Tara O’Shea-Watson Could Have Been Saved: Domestic Violence and the Court System

By Barry Goldstein.

We know how to stop domestic violence crime and especially homicide.  This confidence is based on successful practices in communities like Quincy, San Diego and Nashville that dramatically reduced these horrific crimes.  In Quincy, a county that averaged 5-6 domestic violence (DV) homicides, they enjoyed several years in a row with no murders.  Accordingly it is not surprising that the practices that have proven so effective were not used to protect Tara.

The Quincy Solution is a group of best practices based on the success of several communities and current scientific research.  Among the practices particularly relevant to the O’Shea-Watson case is the need to strictly enforce protective orders and criminal laws as well as including the custody court system so that abusers cannot manipulate the court to regain control over their victims.  The community failed to use any of these effective practices.

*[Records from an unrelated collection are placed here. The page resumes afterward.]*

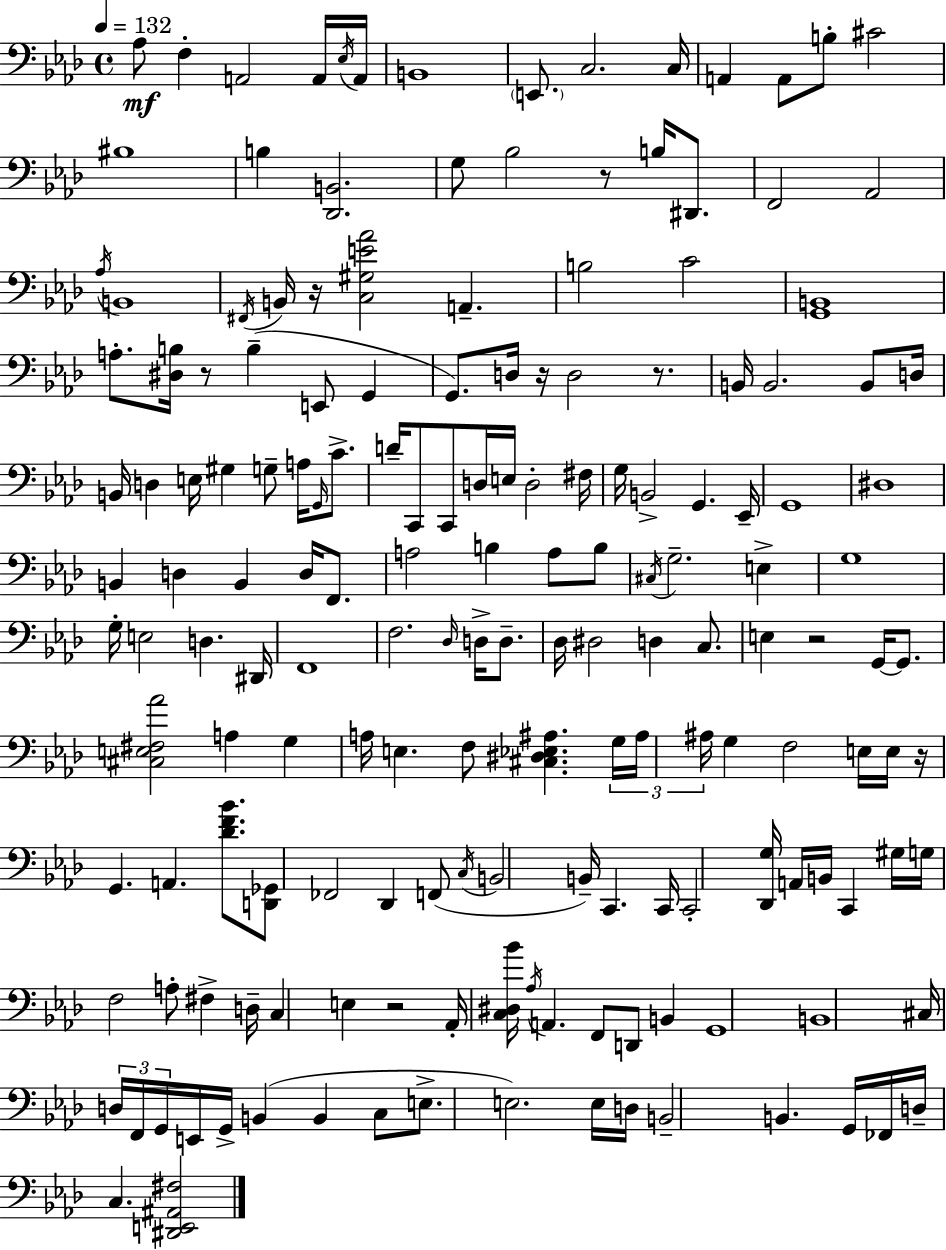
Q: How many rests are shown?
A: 8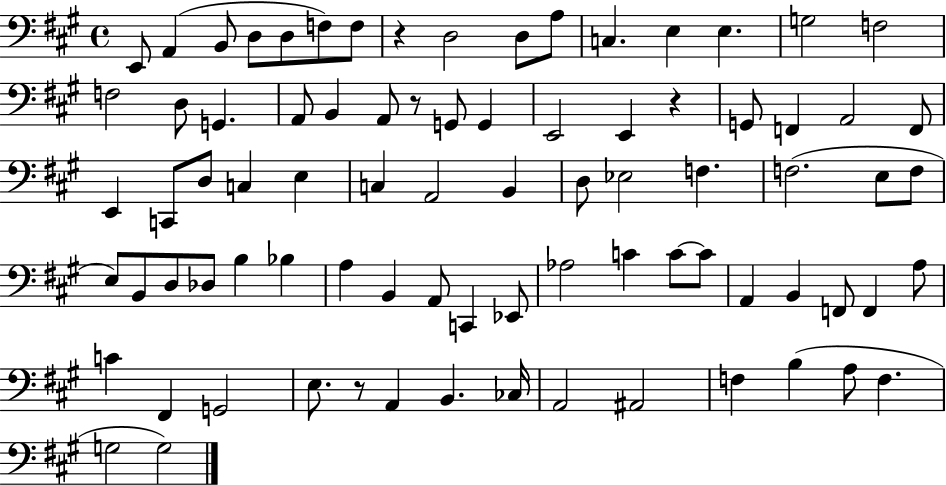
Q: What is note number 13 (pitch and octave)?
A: E3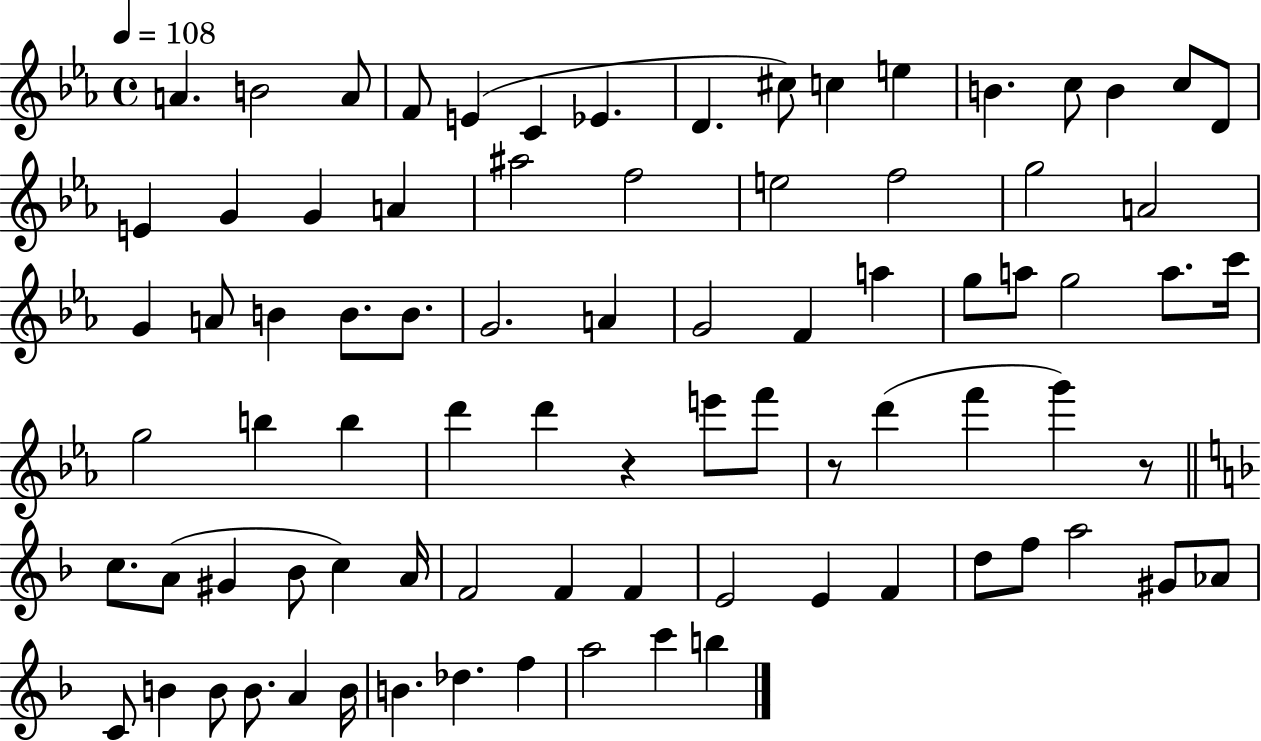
A4/q. B4/h A4/e F4/e E4/q C4/q Eb4/q. D4/q. C#5/e C5/q E5/q B4/q. C5/e B4/q C5/e D4/e E4/q G4/q G4/q A4/q A#5/h F5/h E5/h F5/h G5/h A4/h G4/q A4/e B4/q B4/e. B4/e. G4/h. A4/q G4/h F4/q A5/q G5/e A5/e G5/h A5/e. C6/s G5/h B5/q B5/q D6/q D6/q R/q E6/e F6/e R/e D6/q F6/q G6/q R/e C5/e. A4/e G#4/q Bb4/e C5/q A4/s F4/h F4/q F4/q E4/h E4/q F4/q D5/e F5/e A5/h G#4/e Ab4/e C4/e B4/q B4/e B4/e. A4/q B4/s B4/q. Db5/q. F5/q A5/h C6/q B5/q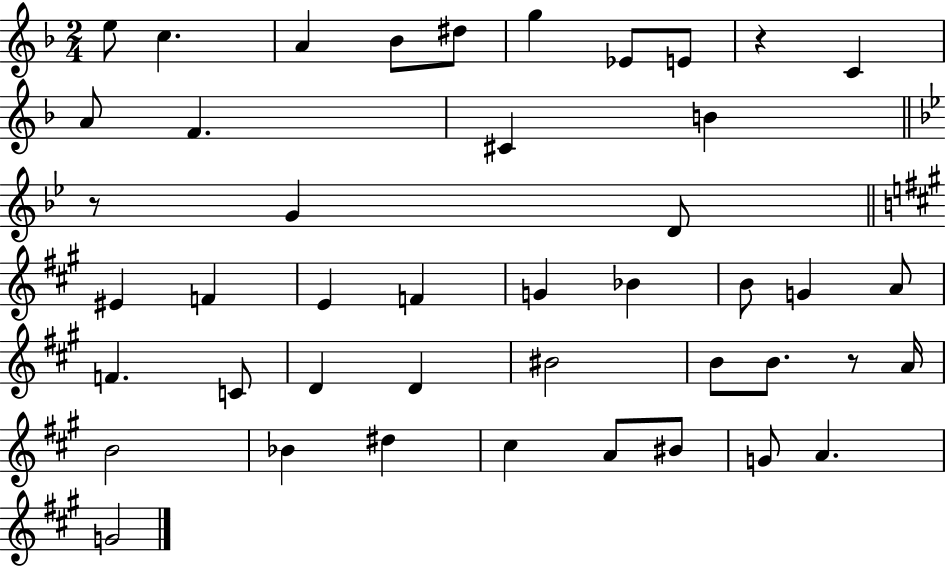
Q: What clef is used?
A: treble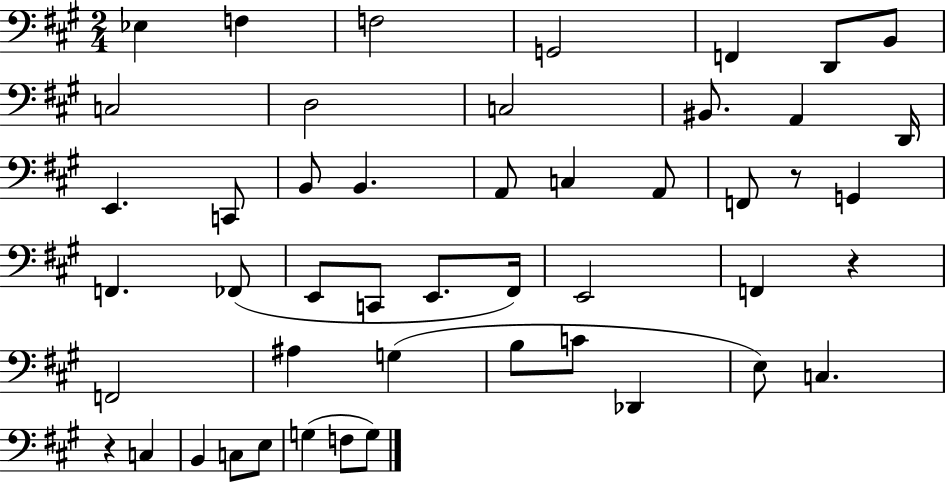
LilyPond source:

{
  \clef bass
  \numericTimeSignature
  \time 2/4
  \key a \major
  ees4 f4 | f2 | g,2 | f,4 d,8 b,8 | \break c2 | d2 | c2 | bis,8. a,4 d,16 | \break e,4. c,8 | b,8 b,4. | a,8 c4 a,8 | f,8 r8 g,4 | \break f,4. fes,8( | e,8 c,8 e,8. fis,16) | e,2 | f,4 r4 | \break f,2 | ais4 g4( | b8 c'8 des,4 | e8) c4. | \break r4 c4 | b,4 c8 e8 | g4( f8 g8) | \bar "|."
}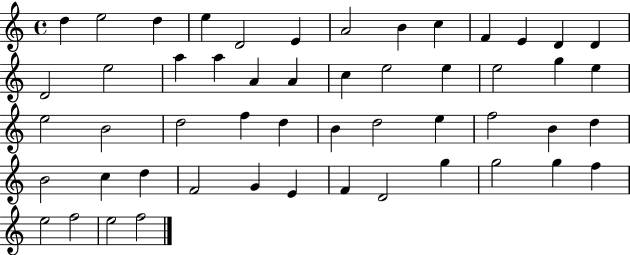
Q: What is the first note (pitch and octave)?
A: D5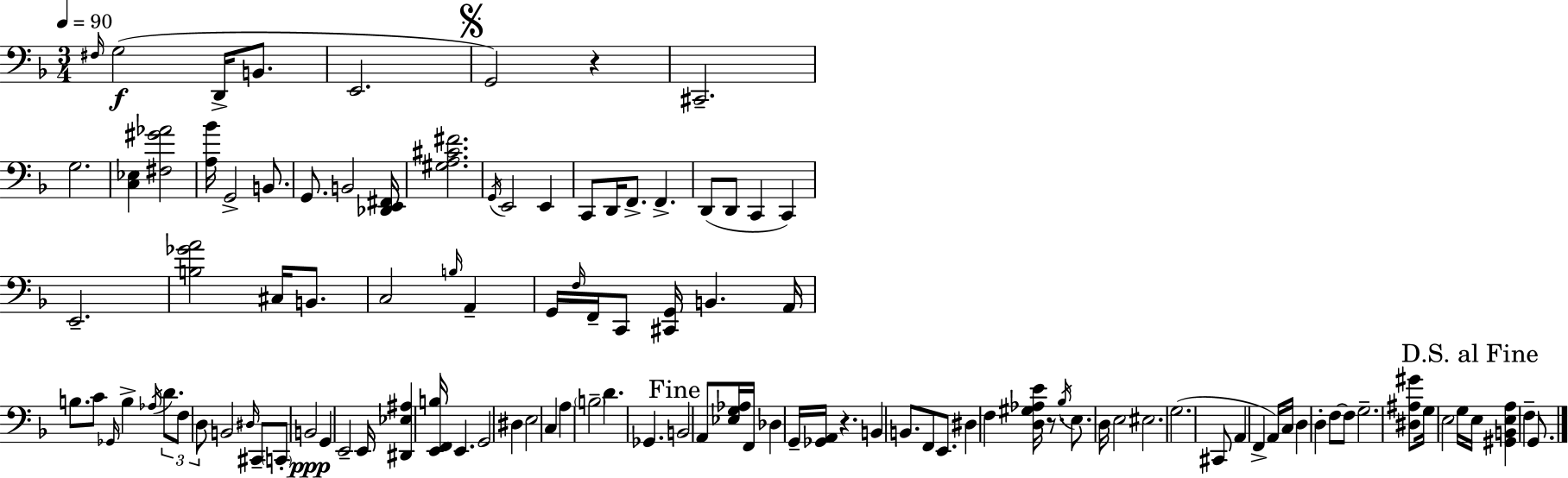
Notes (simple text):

F#3/s G3/h D2/s B2/e. E2/h. G2/h R/q C#2/h. G3/h. [C3,Eb3]/q [F#3,G#4,Ab4]/h [A3,Bb4]/s G2/h B2/e. G2/e. B2/h [Db2,E2,F#2]/s [G#3,A3,C#4,F#4]/h. G2/s E2/h E2/q C2/e D2/s F2/e. F2/q. D2/e D2/e C2/q C2/q E2/h. [B3,Gb4,A4]/h C#3/s B2/e. C3/h B3/s A2/q G2/s F3/s F2/s C2/e [C#2,G2]/s B2/q. A2/s B3/e. C4/e Gb2/s B3/q Ab3/s D4/e. F3/e D3/e B2/h D#3/s C#2/e C2/e B2/h G2/q E2/h E2/s [D#2,Eb3,A#3]/q [E2,F2,B3]/s E2/q. G2/h D#3/q E3/h C3/q A3/q B3/h D4/q. Gb2/q. B2/h A2/e [Eb3,G3,Ab3]/s F2/s Db3/q G2/s [Gb2,A2]/s R/q. B2/q B2/e. F2/e E2/e. D#3/q F3/q [D3,G#3,Ab3,E4]/s R/e. Bb3/s E3/e. D3/s E3/h EIS3/h. G3/h. C#2/e A2/q F2/q A2/s C3/s D3/q D3/q F3/e F3/e G3/h. [D#3,A#3,G#4]/e G3/s E3/h G3/s E3/s [G#2,B2,E3,A3]/q F3/q G2/e.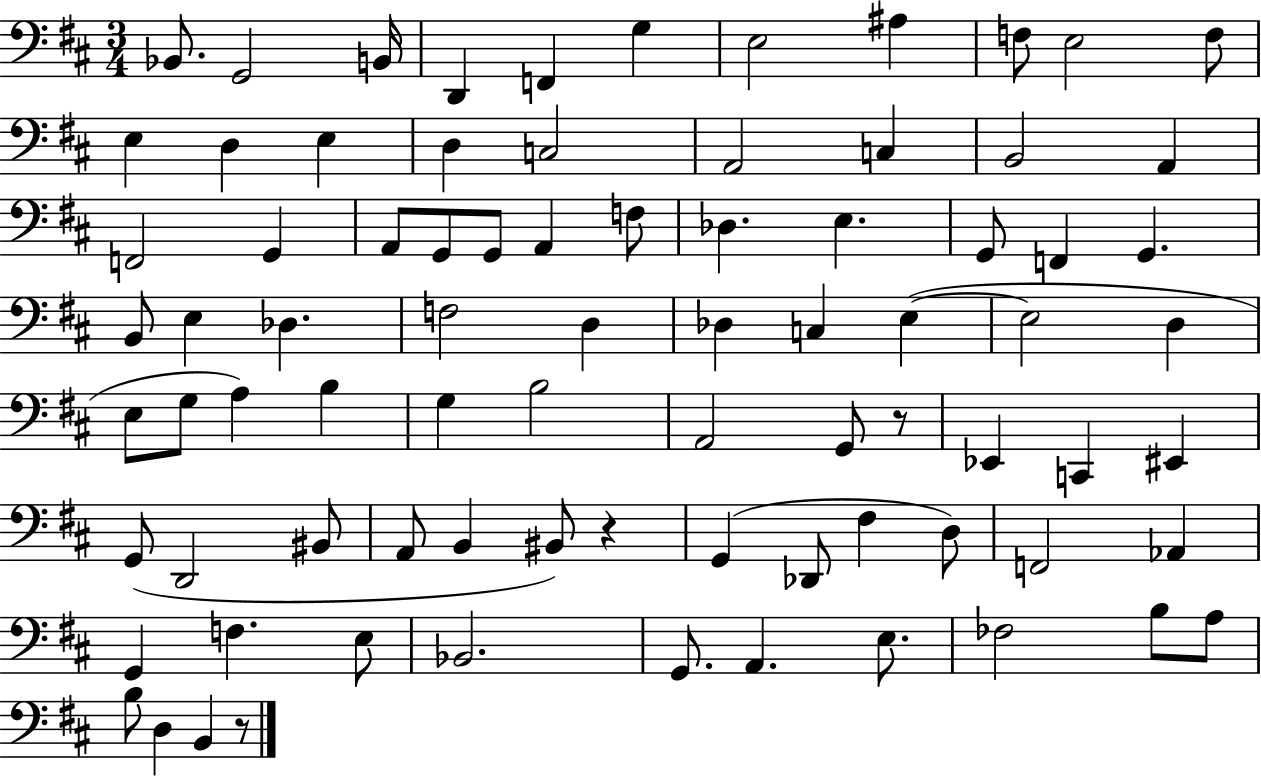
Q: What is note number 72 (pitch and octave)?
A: E3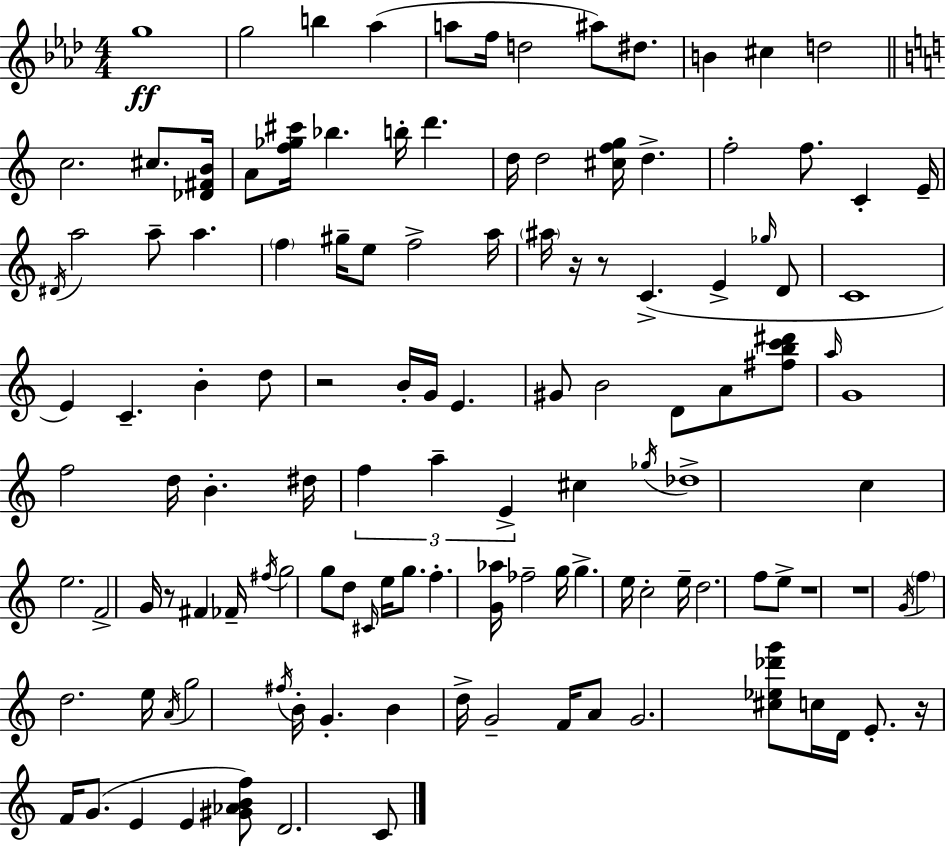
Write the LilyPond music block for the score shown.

{
  \clef treble
  \numericTimeSignature
  \time 4/4
  \key aes \major
  g''1\ff | g''2 b''4 aes''4( | a''8 f''16 d''2 ais''8) dis''8. | b'4 cis''4 d''2 | \break \bar "||" \break \key c \major c''2. cis''8. <des' fis' b'>16 | a'8 <f'' ges'' cis'''>16 bes''4. b''16-. d'''4. | d''16 d''2 <cis'' f'' g''>16 d''4.-> | f''2-. f''8. c'4-. e'16-- | \break \acciaccatura { dis'16 } a''2 a''8-- a''4. | \parenthesize f''4 gis''16-- e''8 f''2-> | a''16 \parenthesize ais''16 r16 r8 c'4.->( e'4-> \grace { ges''16 } | d'8 c'1 | \break e'4) c'4.-- b'4-. | d''8 r2 b'16-. g'16 e'4. | gis'8 b'2 d'8 a'8 | <fis'' b'' c''' dis'''>8 \grace { a''16 } g'1 | \break f''2 d''16 b'4.-. | dis''16 \tuplet 3/2 { f''4 a''4-- e'4-> } cis''4 | \acciaccatura { ges''16 } des''1-> | c''4 e''2. | \break f'2-> g'16 r8 fis'4 | fes'16-- \acciaccatura { fis''16 } g''2 g''8 d''8 | \grace { cis'16 } e''16 g''8. f''4.-. <g' aes''>16 fes''2-- | g''16 g''4.-> e''16 c''2-. | \break e''16-- d''2. | f''8 e''8-> r1 | r1 | \acciaccatura { g'16 } \parenthesize f''4 d''2. | \break e''16 \acciaccatura { a'16 } g''2 | \acciaccatura { fis''16 } b'16-. g'4.-. b'4 d''16-> g'2-- | f'16 a'8 g'2. | <cis'' ees'' des''' g'''>8 c''16 d'16 e'8.-. r16 f'16 g'8.( | \break e'4 e'4 <gis' aes' b' f''>8) d'2. | c'8 \bar "|."
}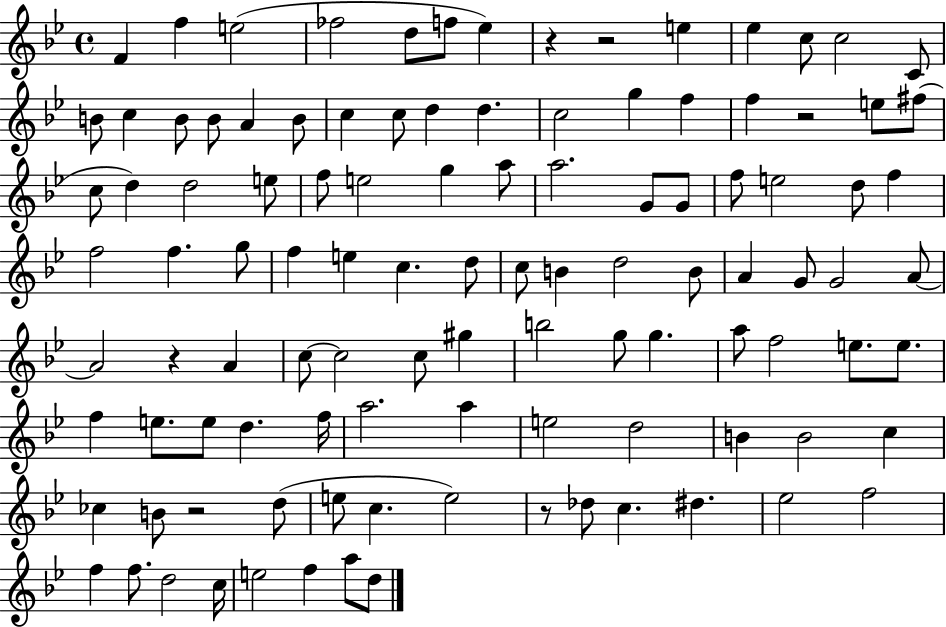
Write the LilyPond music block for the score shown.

{
  \clef treble
  \time 4/4
  \defaultTimeSignature
  \key bes \major
  f'4 f''4 e''2( | fes''2 d''8 f''8 ees''4) | r4 r2 e''4 | ees''4 c''8 c''2 c'8 | \break b'8 c''4 b'8 b'8 a'4 b'8 | c''4 c''8 d''4 d''4. | c''2 g''4 f''4 | f''4 r2 e''8 fis''8( | \break c''8 d''4) d''2 e''8 | f''8 e''2 g''4 a''8 | a''2. g'8 g'8 | f''8 e''2 d''8 f''4 | \break f''2 f''4. g''8 | f''4 e''4 c''4. d''8 | c''8 b'4 d''2 b'8 | a'4 g'8 g'2 a'8~~ | \break a'2 r4 a'4 | c''8~~ c''2 c''8 gis''4 | b''2 g''8 g''4. | a''8 f''2 e''8. e''8. | \break f''4 e''8. e''8 d''4. f''16 | a''2. a''4 | e''2 d''2 | b'4 b'2 c''4 | \break ces''4 b'8 r2 d''8( | e''8 c''4. e''2) | r8 des''8 c''4. dis''4. | ees''2 f''2 | \break f''4 f''8. d''2 c''16 | e''2 f''4 a''8 d''8 | \bar "|."
}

The alleged murderer was her estranged husband, Jeremiah Monell.  She did everything right, but the response from law enforcement and the custody court failed her.  The mother obtained a protective order against him and filed a complaint after he broke into her home and assaulted her.  Monell was charged with burglary and criminal contempt, but the prosecutor dropped the charges without explanation.  The mother sought permission to return to Tennessee where her family lived, but the court protected the abusive father’s right to continued access to the children.  Somehow the “right” to force the children and the mother they depended on to live with fear and stress caused by the abusive father was more important than their safety.  Even after a long history of terrifying abuse his “rights” were treated as more important than the health and safety of the mother and children.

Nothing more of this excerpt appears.